An article by Fintan O’Toole in today’s Irish Times got me thinking about how we might solve the NAMA conundrum.
Fintan pointed out what might seem obvious, but which nobody mentions. The developers who overpaid for all this land and property gave the money to somebody. It didn’t just evaporate into thin air.
Somebody got too much for their land or their buildings, they have it in a bank somewhere, and now the Irish taxpayer is picking up the tab.
Well, look. How about this for an idea?
Under the government’s current plan, NAMA will have the authority to tell the banks how much it’s going to pay them for their distressed assets. It will be able to say, No, we won’t give you the €77 billion you lent. We’ll give you €54 billion instead. NAMA will be given the power of valuation.

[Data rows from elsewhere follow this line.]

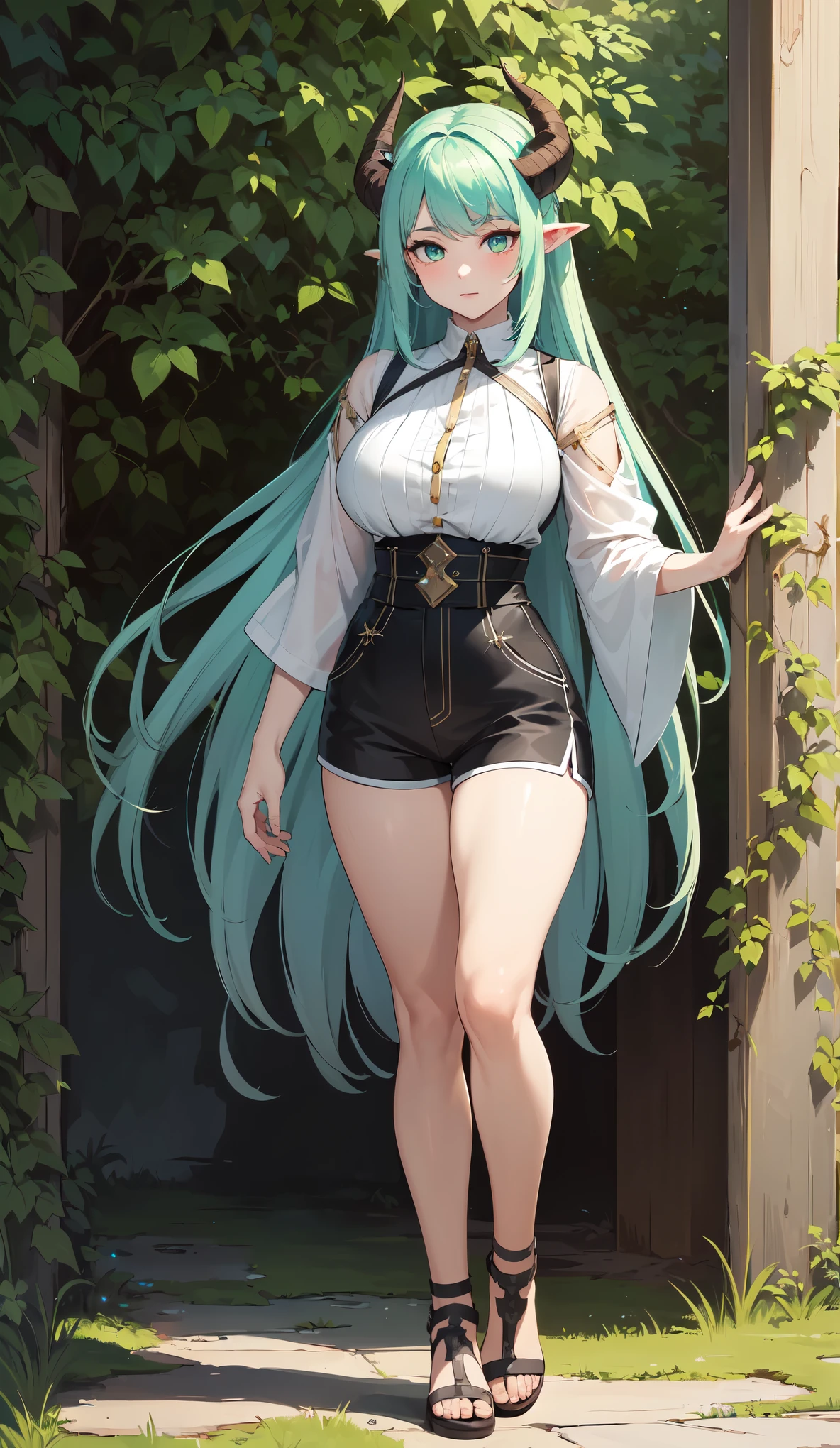 (Best Quality,Unparalleled Masterpiece:1.4),Ultra-Detailed CG 4K,(Ultra-Detailed Clear Absurdly-Vivid Mint Big Eyes:1.2),yellow medieval summer girl, concept, vines on the hand and horns from vines, full length, full body, magic hunter, shorts white, sfw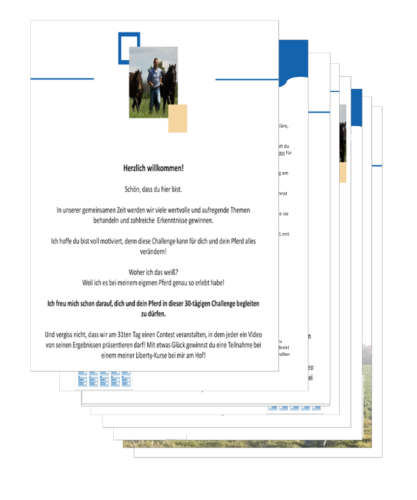 Handouts und Arbeitsmaterialien des Freies Zirkeln Kurses als gestapelte Seiten mit Text und Bildern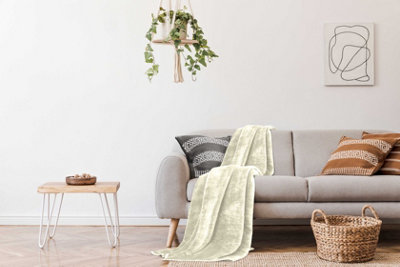 Smart Living Luxury Thick Faux Fur Mink ThrowFluffy Blanket For BedSofa Bed Soft Fleece Throw Blankets For HomeCream from B&Q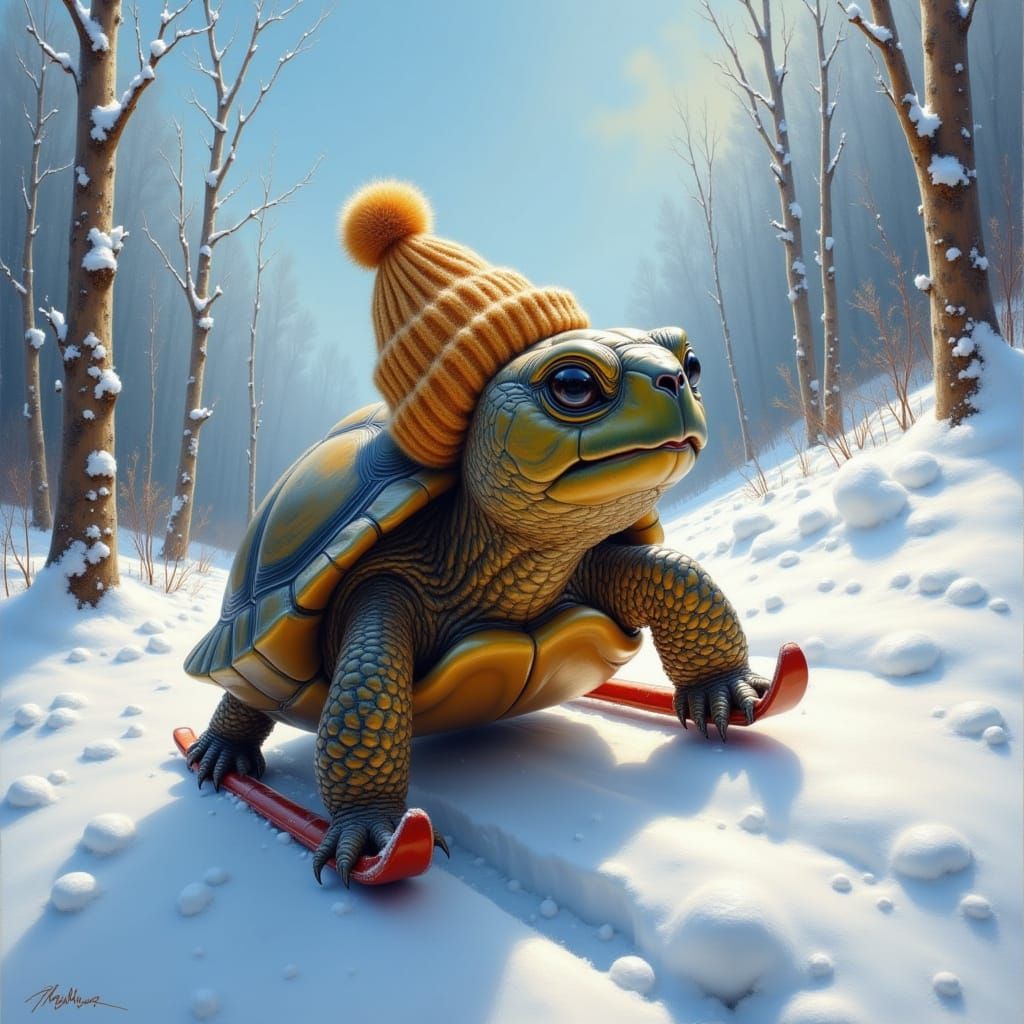 Happy Turtle Sledding Down Snowy Hill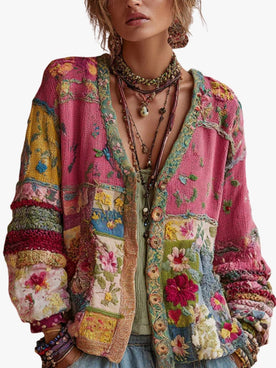 Womenswear/Knitwear : Women's Floral Patchwork Cardigan Vest, Zoe in Roze van Vanda Liamo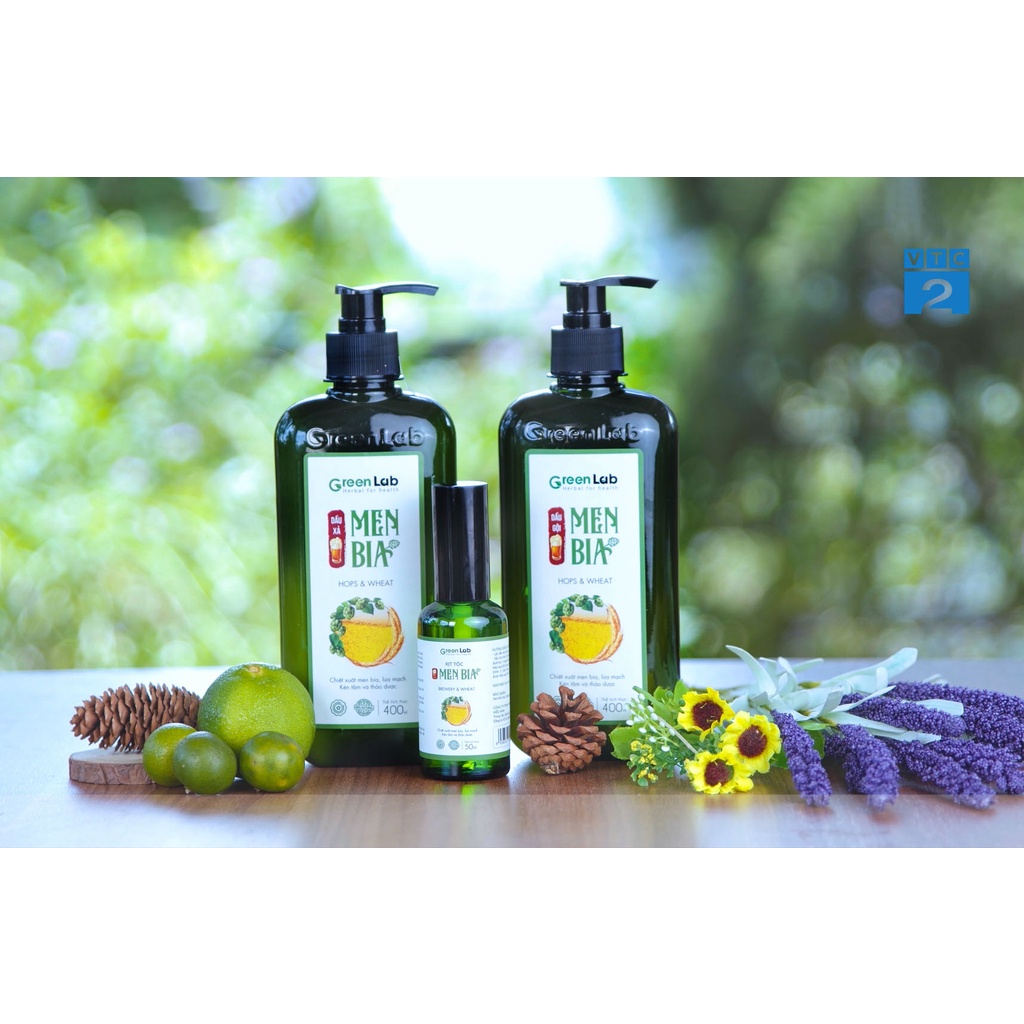 Bộ sản phẩm chăm sóc tóc cao cấp Men Bia GreenLab + Dầu gội 400ml + Dầu xả 400ml + Xịt tóc 50ml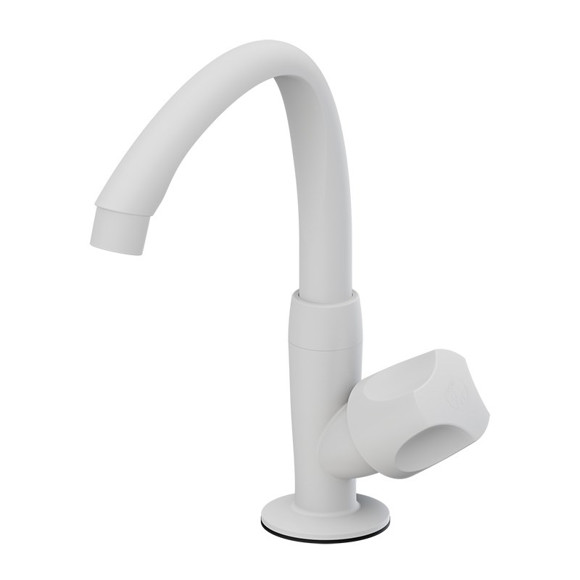 Imagen de CANILLA COCINA BLANCA PLASTICA ALTA DE MESA 1/2" ORBE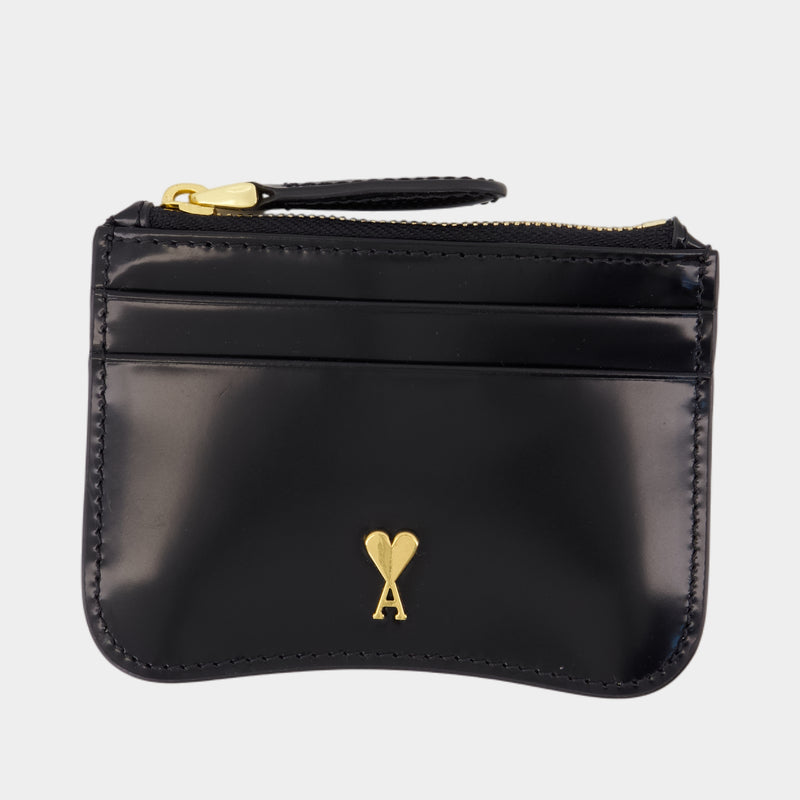 Porte-Carte Paris Zip - AMI Paris - Cuir - Noir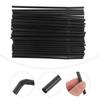 Garneck Disposable Straws, Black, 200 Straws, 21cm Long, Flexible Plastic, for Home and Commercial Use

Leave aside for a moment the fact that NAMA is still paying the banks too much. Look instead at its powers to determine the discount. Look also at the government’s powers to take money from you and me by way of taxation and levies.
Here’s my suggestion.
Since NAMA is going to value and take over all these bad assets, why not go one step further?
Why not give NAMA the power to look into the transaction when the land or buildings were bought, and see if the person who sold them was paid too much?
And if NAMA decides the vendor was paid too much, why not take the excessive profits back from them and put it into the fund that buys the assets from the bank?
This would mean that the people whose greed caused the whole mess would end up paying for it, instead of the little people like you and me. After all, these people’s unreasonable profits are why the loans were overvalued in the first place.
Yes, it’s true that a lot of the money went this way and that: to the percentage merchants like estate agents who grew fat on their inflated fees, and the design teams who were paid on the gross price of the developments, right down to the greedy blocklayers who charged €2 per block to build the goddamn things. But if our system is capable of tracking down a poor man on the dole for accepting a day’s work, it should surely be capable of unravelling who got what out of all the billions.
Tell me. What would be wrong with doing this?